Zend Lucene And PDF Documents Part 2: PDF Data Extraction

Monday, October 26, 2009 - 23:33

Last time we looked at viewing and saving meta data to PDF documents using Zend Framework. The next step before we try to index them with Zend Lucene is to extract the data out of the documents themselves. I should note here that we can't extract the data perfectly from every PDF document, we certainly can't extract any images or tables from the PDF into any recognisable text. There is a little issue with extracting the text because we are essentially looking at compressed data. The text isn't saved into the document, it is rendered into the document using a font. So what we need to do is extract this data into some format the Lucene can tokenize. Because we are just getting the text out of the document for our search index we can take a few short-cuts in order to get as much textual data out of the document as possible. All of this data might not be fully readable and we will definitely loose any formatting and images, but for the purposes we are using it for we don't really need it. The idea is that we can retrieve as much relevant and indexable content for Zend Lucene to tokenize. Also, it is not possible to extract the data out of encrypted PDF documents.
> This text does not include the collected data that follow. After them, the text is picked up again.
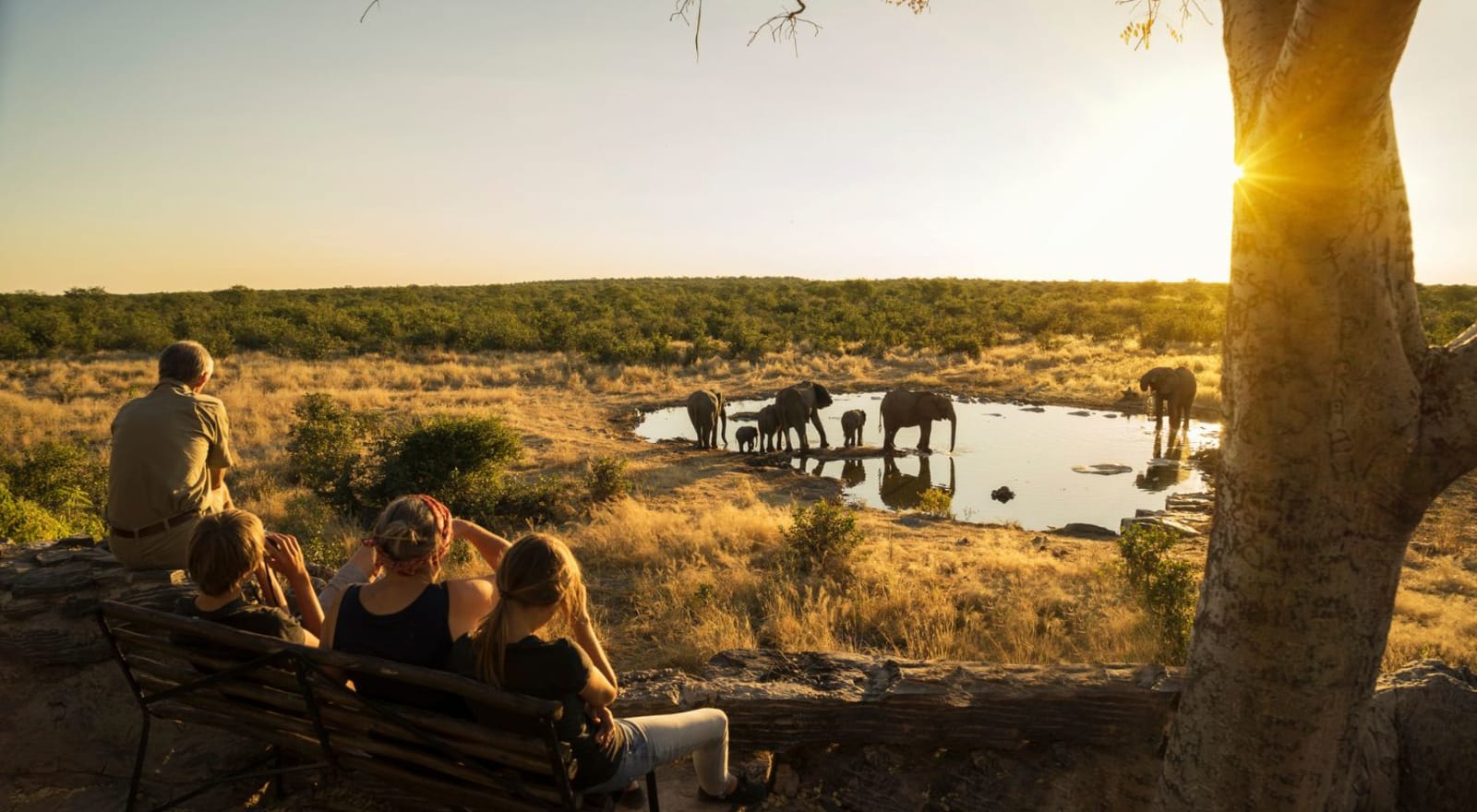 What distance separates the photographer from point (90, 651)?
4.52 meters

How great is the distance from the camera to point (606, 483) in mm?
11938

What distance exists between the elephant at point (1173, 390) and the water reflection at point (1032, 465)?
0.42 meters

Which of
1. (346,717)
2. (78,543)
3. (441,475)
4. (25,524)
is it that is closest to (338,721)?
(346,717)

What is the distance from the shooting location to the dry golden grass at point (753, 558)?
616 cm

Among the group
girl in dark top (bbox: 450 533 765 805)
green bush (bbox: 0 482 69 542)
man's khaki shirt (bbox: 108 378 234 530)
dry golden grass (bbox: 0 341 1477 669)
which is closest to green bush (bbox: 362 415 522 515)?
dry golden grass (bbox: 0 341 1477 669)

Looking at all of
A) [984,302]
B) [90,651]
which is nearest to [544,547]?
[90,651]

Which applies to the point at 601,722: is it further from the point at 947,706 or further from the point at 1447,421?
the point at 1447,421

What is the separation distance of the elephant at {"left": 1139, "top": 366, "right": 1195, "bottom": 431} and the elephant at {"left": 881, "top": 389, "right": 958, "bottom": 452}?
514cm

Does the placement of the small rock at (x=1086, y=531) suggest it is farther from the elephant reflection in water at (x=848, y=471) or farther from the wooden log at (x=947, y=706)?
the wooden log at (x=947, y=706)

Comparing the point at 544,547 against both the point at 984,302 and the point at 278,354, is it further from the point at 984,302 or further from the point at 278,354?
the point at 984,302

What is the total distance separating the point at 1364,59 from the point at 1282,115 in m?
0.27

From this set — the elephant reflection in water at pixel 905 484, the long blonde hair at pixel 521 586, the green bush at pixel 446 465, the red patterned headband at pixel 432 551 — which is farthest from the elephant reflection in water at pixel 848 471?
the long blonde hair at pixel 521 586

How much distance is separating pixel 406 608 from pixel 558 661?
75cm

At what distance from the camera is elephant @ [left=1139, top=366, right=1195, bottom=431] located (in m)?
18.1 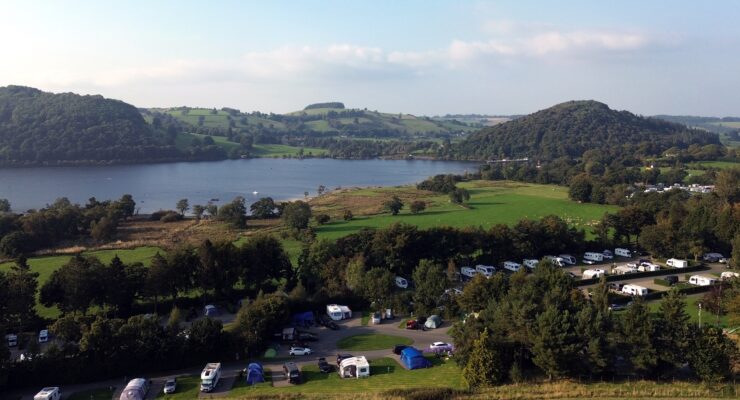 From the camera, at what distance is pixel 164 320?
2483 centimetres

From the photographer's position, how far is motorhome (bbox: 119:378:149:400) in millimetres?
16656

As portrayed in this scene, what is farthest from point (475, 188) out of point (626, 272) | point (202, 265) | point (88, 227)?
point (202, 265)

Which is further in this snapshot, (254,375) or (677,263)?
(677,263)

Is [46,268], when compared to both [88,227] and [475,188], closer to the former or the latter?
[88,227]

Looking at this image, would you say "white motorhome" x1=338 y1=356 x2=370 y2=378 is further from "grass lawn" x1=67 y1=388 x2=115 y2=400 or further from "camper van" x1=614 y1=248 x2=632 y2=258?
"camper van" x1=614 y1=248 x2=632 y2=258

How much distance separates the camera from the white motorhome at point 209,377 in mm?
17359

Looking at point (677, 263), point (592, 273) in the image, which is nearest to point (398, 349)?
point (592, 273)

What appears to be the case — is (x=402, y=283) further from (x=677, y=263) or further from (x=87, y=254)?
(x=87, y=254)

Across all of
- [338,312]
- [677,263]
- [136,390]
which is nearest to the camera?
[136,390]

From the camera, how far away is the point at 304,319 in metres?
24.5

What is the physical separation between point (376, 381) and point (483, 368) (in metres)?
3.67

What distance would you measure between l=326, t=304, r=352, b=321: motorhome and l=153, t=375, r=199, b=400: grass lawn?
7.85 m

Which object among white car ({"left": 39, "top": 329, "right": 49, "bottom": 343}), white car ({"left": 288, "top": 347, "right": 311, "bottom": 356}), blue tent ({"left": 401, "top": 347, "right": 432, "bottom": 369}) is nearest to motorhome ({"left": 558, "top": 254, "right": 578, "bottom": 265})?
blue tent ({"left": 401, "top": 347, "right": 432, "bottom": 369})

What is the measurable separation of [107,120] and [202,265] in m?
128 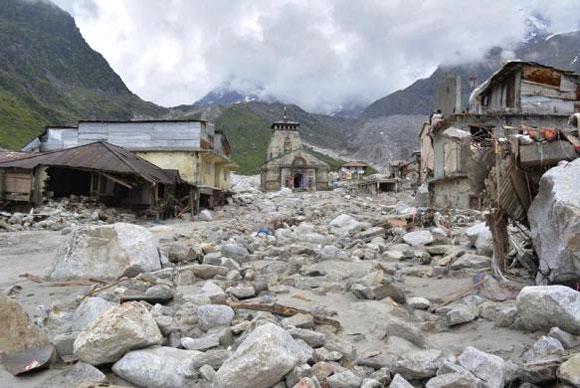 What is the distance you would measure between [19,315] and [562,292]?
493cm

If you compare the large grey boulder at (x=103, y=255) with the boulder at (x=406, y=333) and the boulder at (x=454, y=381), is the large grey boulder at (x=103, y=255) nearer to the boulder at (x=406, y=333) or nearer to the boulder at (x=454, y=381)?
the boulder at (x=406, y=333)

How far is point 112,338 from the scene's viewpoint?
3902 mm

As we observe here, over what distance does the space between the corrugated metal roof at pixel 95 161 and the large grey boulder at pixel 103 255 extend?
14.7 m

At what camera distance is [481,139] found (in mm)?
7699

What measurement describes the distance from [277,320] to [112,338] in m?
1.72

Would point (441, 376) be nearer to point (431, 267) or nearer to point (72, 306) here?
point (72, 306)

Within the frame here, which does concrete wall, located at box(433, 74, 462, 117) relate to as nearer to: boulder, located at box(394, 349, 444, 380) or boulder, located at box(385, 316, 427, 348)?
boulder, located at box(385, 316, 427, 348)

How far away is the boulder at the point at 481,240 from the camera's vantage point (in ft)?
27.3

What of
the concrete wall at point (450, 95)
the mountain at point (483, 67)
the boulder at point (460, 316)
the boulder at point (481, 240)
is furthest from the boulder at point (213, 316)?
the mountain at point (483, 67)

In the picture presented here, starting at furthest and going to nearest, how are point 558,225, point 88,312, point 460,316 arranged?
point 558,225, point 460,316, point 88,312

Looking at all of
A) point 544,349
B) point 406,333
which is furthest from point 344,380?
point 544,349

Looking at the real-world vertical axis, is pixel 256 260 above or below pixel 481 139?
below

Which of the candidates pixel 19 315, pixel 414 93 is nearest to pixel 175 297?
pixel 19 315

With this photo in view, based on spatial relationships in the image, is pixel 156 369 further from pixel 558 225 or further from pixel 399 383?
pixel 558 225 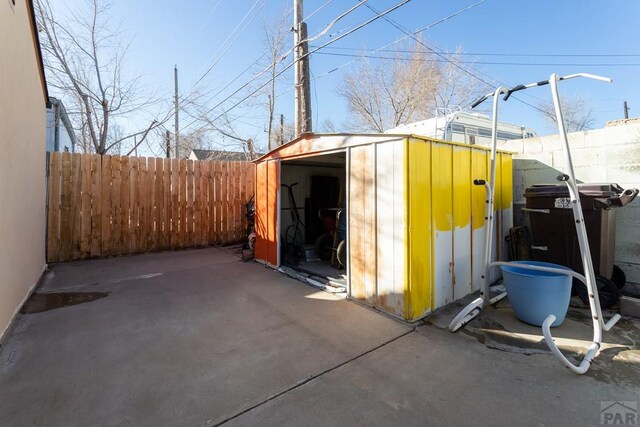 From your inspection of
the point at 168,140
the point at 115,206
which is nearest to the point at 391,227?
the point at 115,206

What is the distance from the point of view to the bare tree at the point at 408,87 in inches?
525

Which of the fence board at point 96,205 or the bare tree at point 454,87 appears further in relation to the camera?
the bare tree at point 454,87

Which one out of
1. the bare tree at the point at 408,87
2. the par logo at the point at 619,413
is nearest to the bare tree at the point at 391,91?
the bare tree at the point at 408,87

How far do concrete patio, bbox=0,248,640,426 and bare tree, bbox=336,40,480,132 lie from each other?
40.0 ft

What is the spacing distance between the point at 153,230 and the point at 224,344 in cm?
498

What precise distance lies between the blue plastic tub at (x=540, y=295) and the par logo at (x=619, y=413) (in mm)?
997

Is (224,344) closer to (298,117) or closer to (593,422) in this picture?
(593,422)

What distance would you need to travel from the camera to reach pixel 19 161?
11.3 feet

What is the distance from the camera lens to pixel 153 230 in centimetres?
668

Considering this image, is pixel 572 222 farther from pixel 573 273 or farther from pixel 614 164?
pixel 573 273

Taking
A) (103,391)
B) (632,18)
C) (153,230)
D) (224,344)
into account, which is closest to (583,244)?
(224,344)

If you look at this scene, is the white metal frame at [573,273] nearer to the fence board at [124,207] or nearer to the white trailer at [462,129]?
the white trailer at [462,129]

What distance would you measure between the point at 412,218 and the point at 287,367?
175cm

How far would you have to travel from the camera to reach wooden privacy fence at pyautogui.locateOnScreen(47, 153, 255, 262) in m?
5.71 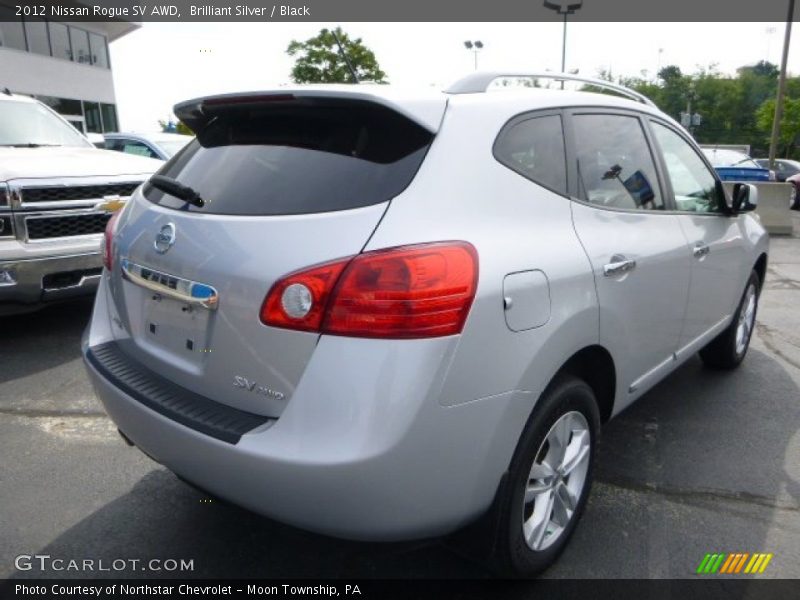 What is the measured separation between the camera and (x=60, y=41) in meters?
28.5

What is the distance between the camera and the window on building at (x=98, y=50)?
31344 millimetres

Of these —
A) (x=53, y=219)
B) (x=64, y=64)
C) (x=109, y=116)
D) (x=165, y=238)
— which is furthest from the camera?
(x=109, y=116)

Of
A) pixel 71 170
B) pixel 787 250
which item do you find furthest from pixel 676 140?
pixel 787 250

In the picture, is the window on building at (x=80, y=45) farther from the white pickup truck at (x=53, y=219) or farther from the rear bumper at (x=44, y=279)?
the rear bumper at (x=44, y=279)

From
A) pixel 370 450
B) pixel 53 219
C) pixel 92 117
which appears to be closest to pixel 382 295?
pixel 370 450

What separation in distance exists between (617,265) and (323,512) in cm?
143

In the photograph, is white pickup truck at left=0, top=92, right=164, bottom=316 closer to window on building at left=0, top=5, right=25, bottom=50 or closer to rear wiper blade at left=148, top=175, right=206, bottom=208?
rear wiper blade at left=148, top=175, right=206, bottom=208

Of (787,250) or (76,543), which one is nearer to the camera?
(76,543)

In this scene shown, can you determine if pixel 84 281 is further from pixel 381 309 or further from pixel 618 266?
pixel 618 266

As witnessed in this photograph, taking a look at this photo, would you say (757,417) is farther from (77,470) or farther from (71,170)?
(71,170)

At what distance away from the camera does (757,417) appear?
3.70 m

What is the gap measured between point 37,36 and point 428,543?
3195cm

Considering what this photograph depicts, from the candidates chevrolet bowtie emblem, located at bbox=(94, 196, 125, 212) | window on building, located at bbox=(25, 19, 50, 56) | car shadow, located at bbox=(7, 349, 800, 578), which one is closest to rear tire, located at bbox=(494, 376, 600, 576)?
car shadow, located at bbox=(7, 349, 800, 578)

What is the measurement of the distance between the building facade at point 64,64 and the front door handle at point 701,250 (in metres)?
27.7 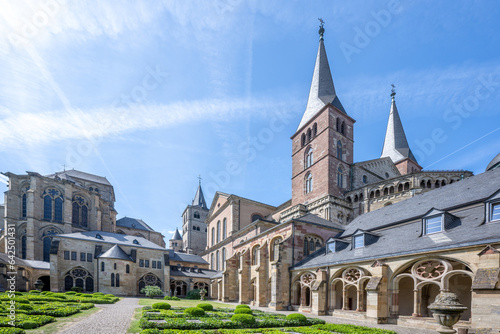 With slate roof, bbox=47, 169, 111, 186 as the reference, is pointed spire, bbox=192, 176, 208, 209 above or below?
below

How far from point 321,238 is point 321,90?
2724 centimetres

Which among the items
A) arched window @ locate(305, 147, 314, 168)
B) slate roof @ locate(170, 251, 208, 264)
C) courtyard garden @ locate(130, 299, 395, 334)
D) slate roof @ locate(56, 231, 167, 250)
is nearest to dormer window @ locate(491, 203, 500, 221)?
courtyard garden @ locate(130, 299, 395, 334)

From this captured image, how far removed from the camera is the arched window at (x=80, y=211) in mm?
53666

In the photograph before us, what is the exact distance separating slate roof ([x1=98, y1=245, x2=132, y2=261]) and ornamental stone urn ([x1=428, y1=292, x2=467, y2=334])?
144 ft

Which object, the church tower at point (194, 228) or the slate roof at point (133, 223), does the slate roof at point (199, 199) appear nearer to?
the church tower at point (194, 228)

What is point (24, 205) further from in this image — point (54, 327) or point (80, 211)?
point (54, 327)

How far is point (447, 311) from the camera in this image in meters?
8.95

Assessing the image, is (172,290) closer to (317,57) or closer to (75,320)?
(75,320)

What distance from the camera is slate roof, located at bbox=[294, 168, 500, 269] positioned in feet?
47.4

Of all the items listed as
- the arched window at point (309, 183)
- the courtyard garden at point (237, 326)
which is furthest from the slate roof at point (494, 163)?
the arched window at point (309, 183)

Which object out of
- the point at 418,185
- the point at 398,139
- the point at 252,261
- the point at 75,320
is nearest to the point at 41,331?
the point at 75,320

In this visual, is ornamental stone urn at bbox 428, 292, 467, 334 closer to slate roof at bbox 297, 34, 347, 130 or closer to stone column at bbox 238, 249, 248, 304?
stone column at bbox 238, 249, 248, 304

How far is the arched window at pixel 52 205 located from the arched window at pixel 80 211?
3034 millimetres

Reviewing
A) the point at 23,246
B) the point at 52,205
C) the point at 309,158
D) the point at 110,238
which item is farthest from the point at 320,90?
the point at 23,246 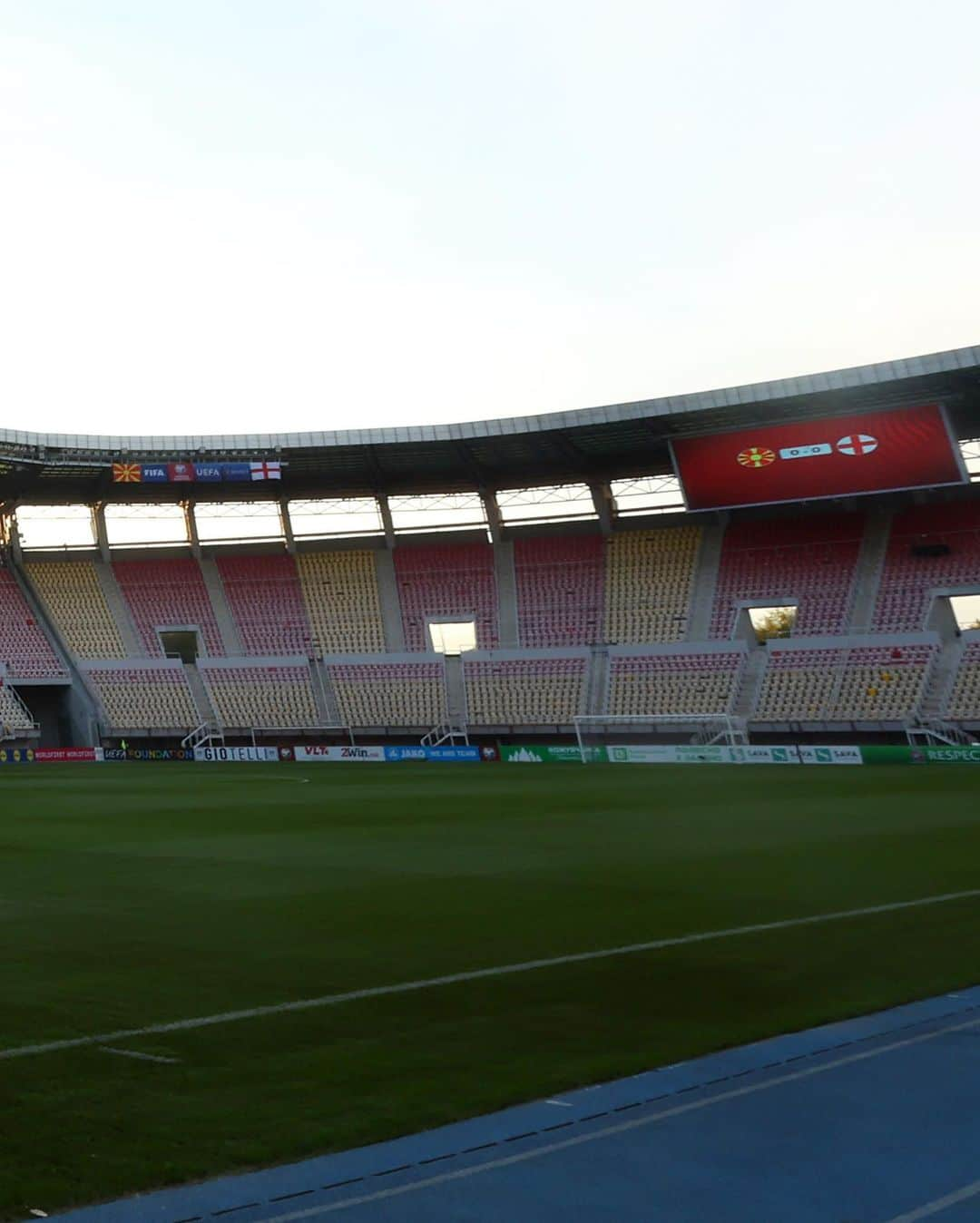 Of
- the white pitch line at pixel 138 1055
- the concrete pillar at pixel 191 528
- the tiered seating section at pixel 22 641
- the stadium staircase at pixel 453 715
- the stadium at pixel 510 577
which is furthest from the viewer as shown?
the concrete pillar at pixel 191 528

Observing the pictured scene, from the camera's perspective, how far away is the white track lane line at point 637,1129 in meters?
5.97

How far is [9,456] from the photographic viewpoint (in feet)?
216

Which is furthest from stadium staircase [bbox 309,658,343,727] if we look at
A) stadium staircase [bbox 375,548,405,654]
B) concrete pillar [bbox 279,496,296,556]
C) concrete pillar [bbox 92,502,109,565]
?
concrete pillar [bbox 92,502,109,565]

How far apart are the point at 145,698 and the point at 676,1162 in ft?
229

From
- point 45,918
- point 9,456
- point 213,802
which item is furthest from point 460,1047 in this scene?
point 9,456

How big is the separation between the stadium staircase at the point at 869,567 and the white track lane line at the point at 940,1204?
5901 cm

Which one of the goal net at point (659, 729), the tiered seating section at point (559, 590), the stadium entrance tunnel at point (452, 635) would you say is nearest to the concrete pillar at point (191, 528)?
the stadium entrance tunnel at point (452, 635)

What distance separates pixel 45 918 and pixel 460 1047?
7.83 metres

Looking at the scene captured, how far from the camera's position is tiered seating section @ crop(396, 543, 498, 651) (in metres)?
73.3

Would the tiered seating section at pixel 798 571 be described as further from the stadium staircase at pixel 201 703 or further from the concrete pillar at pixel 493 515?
the stadium staircase at pixel 201 703

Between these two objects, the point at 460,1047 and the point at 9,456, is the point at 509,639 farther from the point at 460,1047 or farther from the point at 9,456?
the point at 460,1047

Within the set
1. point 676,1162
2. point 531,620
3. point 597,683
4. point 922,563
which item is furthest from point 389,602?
point 676,1162

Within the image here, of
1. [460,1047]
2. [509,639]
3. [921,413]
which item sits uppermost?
[921,413]

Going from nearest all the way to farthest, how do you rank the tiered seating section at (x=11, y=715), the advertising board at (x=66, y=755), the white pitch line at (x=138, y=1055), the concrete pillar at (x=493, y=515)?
the white pitch line at (x=138, y=1055), the tiered seating section at (x=11, y=715), the advertising board at (x=66, y=755), the concrete pillar at (x=493, y=515) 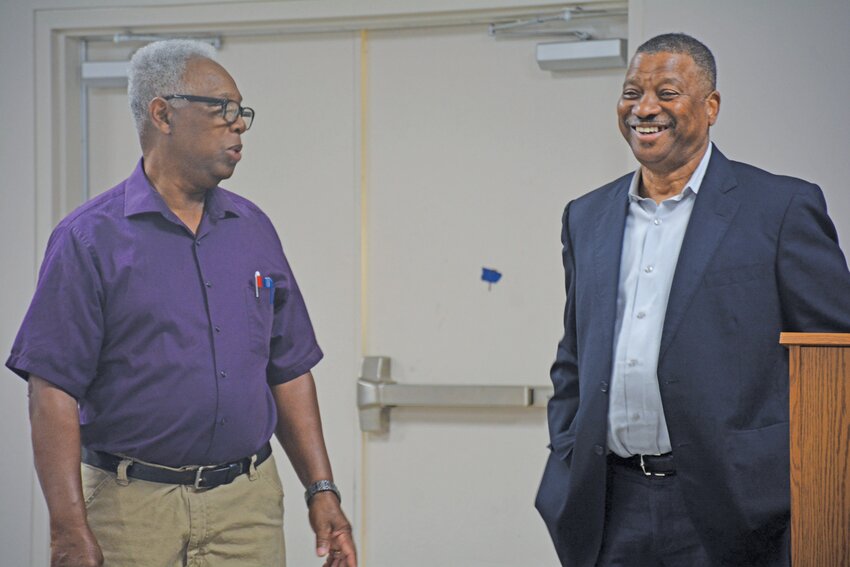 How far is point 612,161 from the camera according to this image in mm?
3941

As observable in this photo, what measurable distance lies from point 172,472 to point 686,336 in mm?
1078

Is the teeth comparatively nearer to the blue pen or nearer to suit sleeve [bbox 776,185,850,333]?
suit sleeve [bbox 776,185,850,333]

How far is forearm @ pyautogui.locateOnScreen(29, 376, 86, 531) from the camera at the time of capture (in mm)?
2299

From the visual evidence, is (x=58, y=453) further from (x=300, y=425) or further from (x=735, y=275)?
(x=735, y=275)

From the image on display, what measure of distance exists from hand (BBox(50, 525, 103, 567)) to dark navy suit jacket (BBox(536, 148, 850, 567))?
0.97m

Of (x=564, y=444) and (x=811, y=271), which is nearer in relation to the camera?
(x=811, y=271)

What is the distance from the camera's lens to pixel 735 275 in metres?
2.38

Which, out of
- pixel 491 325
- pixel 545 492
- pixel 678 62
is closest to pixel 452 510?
pixel 491 325

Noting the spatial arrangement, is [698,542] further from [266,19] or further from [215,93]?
[266,19]

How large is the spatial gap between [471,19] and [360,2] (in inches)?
15.0

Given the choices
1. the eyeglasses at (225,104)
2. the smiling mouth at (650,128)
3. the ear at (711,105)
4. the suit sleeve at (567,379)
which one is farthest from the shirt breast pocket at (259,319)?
the ear at (711,105)

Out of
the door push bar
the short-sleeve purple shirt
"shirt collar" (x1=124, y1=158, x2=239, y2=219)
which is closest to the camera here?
the short-sleeve purple shirt

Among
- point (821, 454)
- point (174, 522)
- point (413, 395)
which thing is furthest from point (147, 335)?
point (413, 395)

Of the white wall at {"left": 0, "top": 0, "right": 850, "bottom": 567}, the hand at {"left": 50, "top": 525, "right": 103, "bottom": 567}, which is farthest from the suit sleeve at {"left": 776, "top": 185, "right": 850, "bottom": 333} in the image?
the hand at {"left": 50, "top": 525, "right": 103, "bottom": 567} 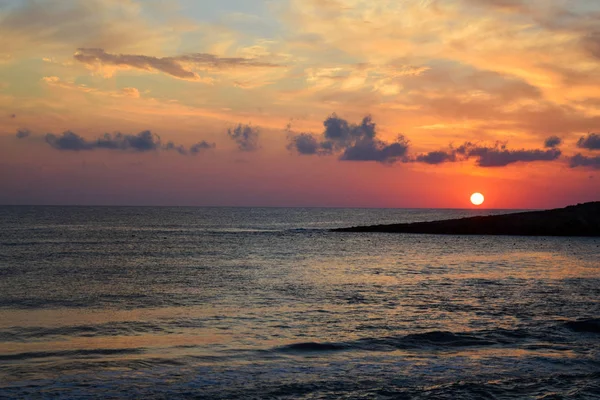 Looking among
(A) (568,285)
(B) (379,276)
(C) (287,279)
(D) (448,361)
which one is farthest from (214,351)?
(A) (568,285)

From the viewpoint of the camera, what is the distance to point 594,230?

What we need to do first is set up some items so that we can simply use a PDF extraction service to do the hard work for us. This does mean a greater understanding of Zend Framework than the last post required. What we are going to do is register a namespace with Zend_Loader_Autoloader. This will allow us to create classes that we can keep in a tidy folder structure and are also automatically included when we need them. If you don't have one already, create a function called _initAutoload() or similar in your Bootstrap.php file. Then enter the following code (the whole class is included here for clarity). You might have already done this in your Zend Framework project so you can skip this step if that is the case.

1
2
3
4
5
6
7
8
class Bootstrap extends Zend_Application_Bootstrap_Bootstrap
{
 protected function _initAutoload()
 {
  $autoloader = Zend_Loader_Autoloader::getInstance();
  $autoloader->registerNamespace(array('App_'));
 }
}

What this does is to register a folder called App, which is located in our library folder, to be part of the Zend Framework autoloading functions. Create a class called App_Search_Helper_PdfParser and put it in the folder \library\App\Search\Helper\ like this:

1
2
3
4
5
6
7
--application
--library
----App 
------Search
--------Helper
----------PdfParser.php
----Zend

Now we can instansiate the object without having to worry about if it is included or not, the Zend Framework autoloader will simply look in the right place for the file by looking at the class name and include it for us. We will use this folder structure for the rest of the application and build upon it as we add classes.

What we need to do now is to create the code that will run over our PDF document and pick out the text. I have to admit that I didn't write this fully myself, it is the result of a couple of hours of picking bits and pieces of code from examples and applications so that I could do what I needed to do. I have tested this code with lots of different examples of PDF documents (about 50 from different resources) so it should be able to extract data from most PDF types. What this code essentially does is split the document into various different sections, and then try to uncompress each section that has a FlateDecode filter type. If the uncompression works (ie, we have some data) then add this to a string and continue, returning it once at the end of the document. I have also added some string manipulation to this code that will strip out any odd characters or white space that we don't need. Here is the class in full, again there is rather a lot of code here so I have commented it to make it clearer.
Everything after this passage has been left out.